I have a WhatsApp message of 1 hour duration, it is an .ogg audio of less than 9 MB in size.
I want to upload it to YouTube, so I have to make it at least a single-frame video. So I made a JPEG cover picture of 1024 x 768 pixels. First I just used VLC and output a youtube SF or whatever output, but YouTube churns on that "processing 0%" for days on end now. So now I have to do something else. Using ffmpeg. Ideally I would just use the awesome ogg compression passing it through:
ffmpeg -loop 1 -y -i image.jpg -i audio.ogg -shortest -acodec copy -vcodec libx264 -crf 25 -pix_fmt yuv420p result.mp4
But that doesn't play in some players, so I won't even bother youtube with it.
ffmpeg -loop 1 -y -i image.jpg -i audio.ogg -shortest -acodec mp3 -vcodec libx264 -crf 25 -pix_fmt yuv420p result.mp4
That creates a huge file of over 120 MB in size! I have crappy internet, not going to blow a <9 MB file into >120 MB just to upload it you youtube.

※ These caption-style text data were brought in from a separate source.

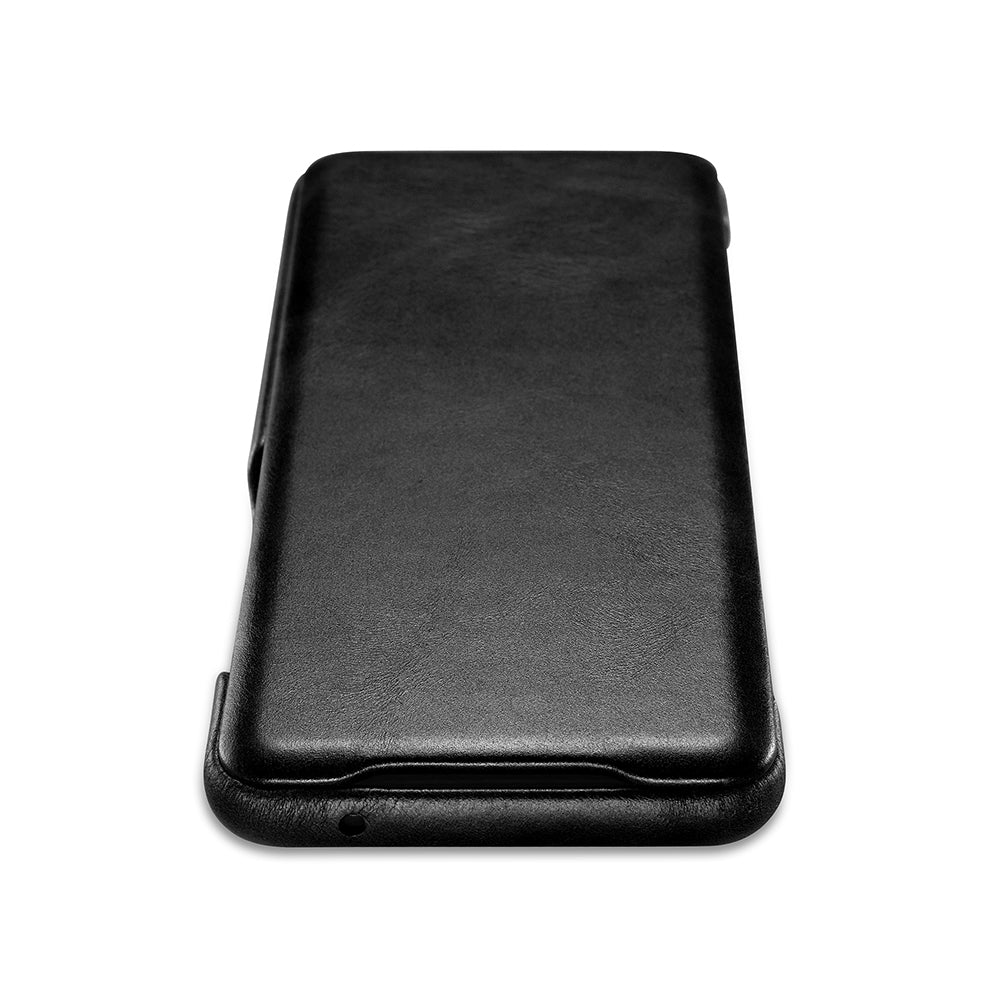 ICARER Curved Edge Vintage Genuine Leather Unique Cover for Samsung Galaxy S20 Plus - Black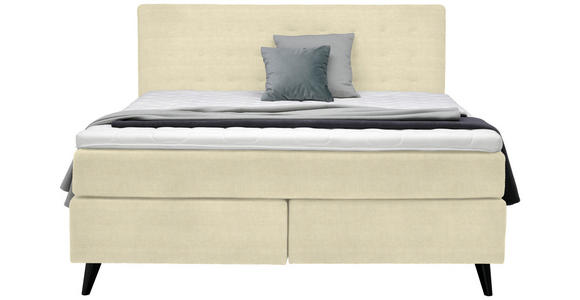 BOXSPRINGBETT 160/200 cm  in Beige  - Beige/Schwarz, KONVENTIONELL, Holz/Textil (160/200cm) - Voleo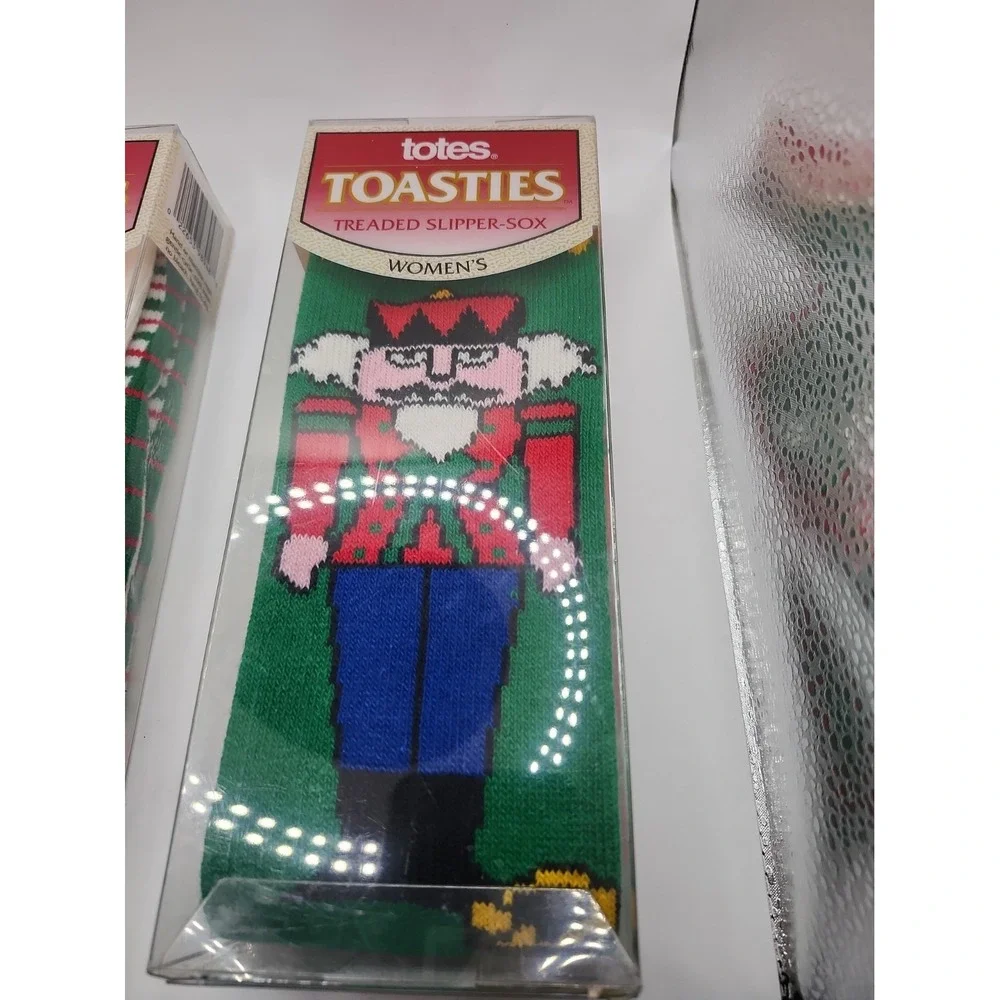 Vintage Totes Toasties 1992 Women Slipper Sox Socks NIB Christmas Theme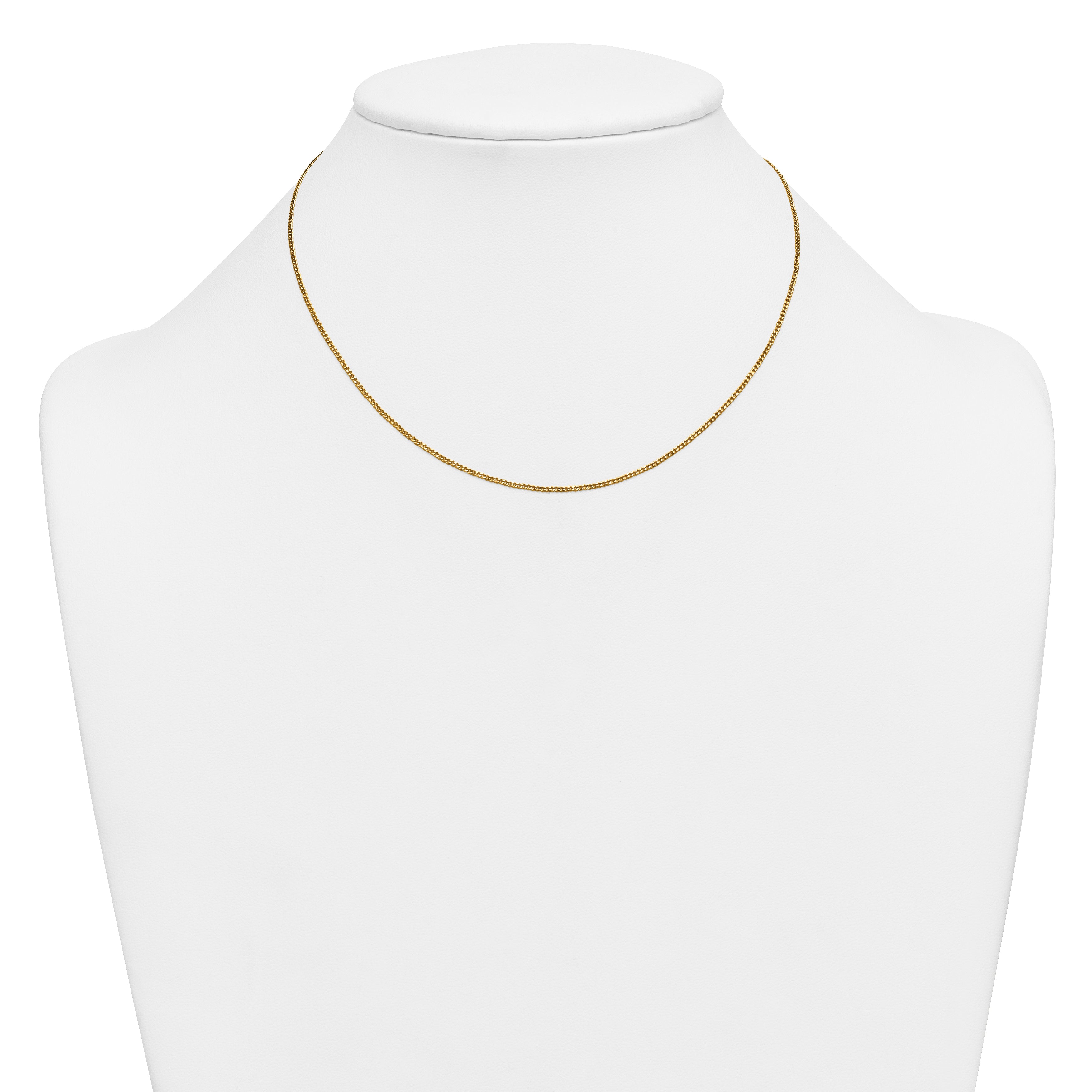 14K Gold Filled Polished Curb Chain Necklace in 1.25mm Width - view 3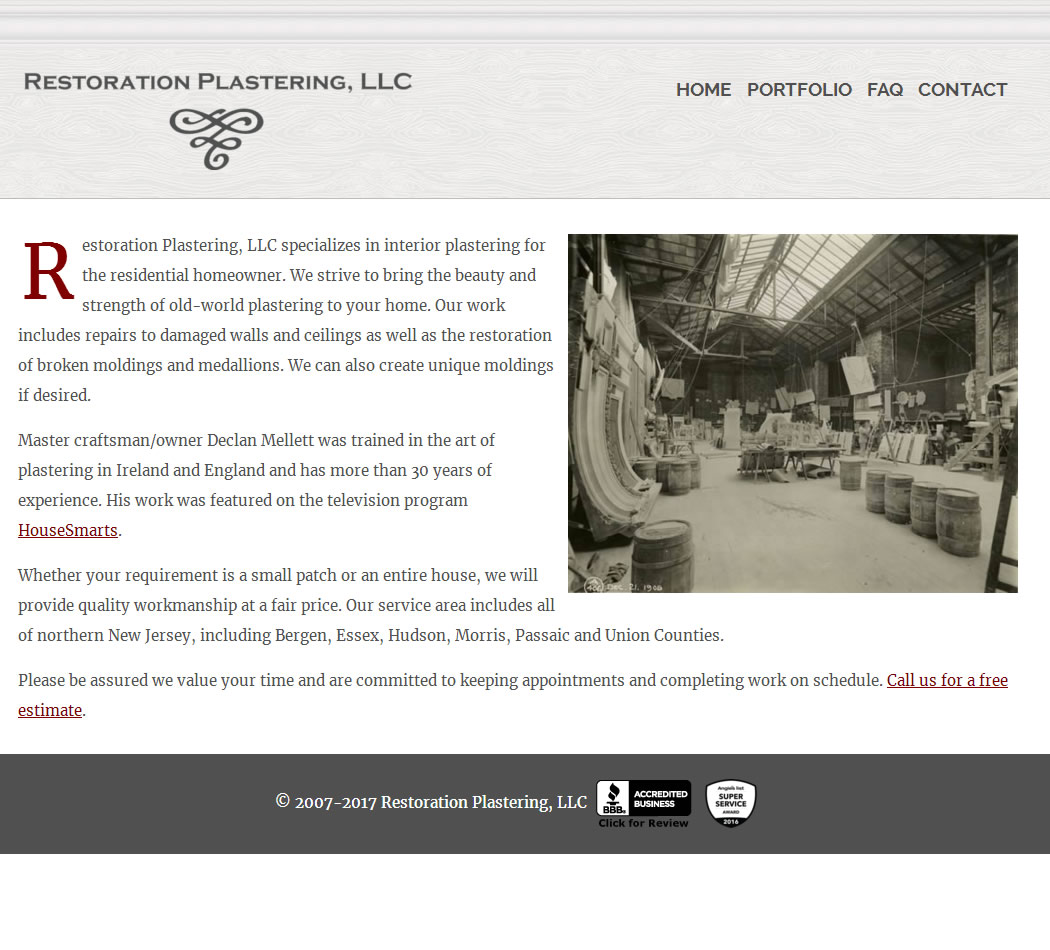 screenshot of the Restoration Plastering website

So I thought if I could have only one i-frame and the rest p-frames which should be basically empty because the "video" has no changes to the picture over time. I read about the -g option:
ffmpeg -loop 1 -y -i image.jpg -i audio.ogg -shortest -acodec mp3 -vcodec libx264 -crf 25 -pix_fmt yuv420p -g 100000 result.mp4
The -g 100000 covers the 94,288 frames. But still with that I get >60 MB.
How can I make the most compact mostly-audio + still image video that youtube will actually finish processing?
Here is some more calculation to show just why anything above 20 MB should not be acceptable.
Audio in the ogg compression is 8.61 MB in size. That makes a bitrate of
8.61 MB * 1024^2 [B/MB] / 8 [b/B] / 62 [min] / 60 [s/min]
= 303.368... b/s
That is 303 bits per second! That's pretty awesome encoding power of this one channel mono ogg audio. Imagine what a 300 bits per second teletype terminal feels as you type! And now imagine how you can talk faster through this sort of low bandwidth line than you can type and see a screen refresh!
But I'm perfectly OK with the MP3 audio perhaps being a little bigger. What I am not OK is the video encoding or something else giving this codec license to stream data out in ~200 kb/s, kilo-bit, even if that is at 4x the speed, 50 kb/s is still too much if the payload goes with less than 1 kb/s.
BTW, that Title image JPEG is 170 kB in size. If I just put a new full key i-frame copy of it every minute, then I'd get 10 MB for the "video" payload, not 60 MB. So something is very wrong with these codecs or the way they are parameterized.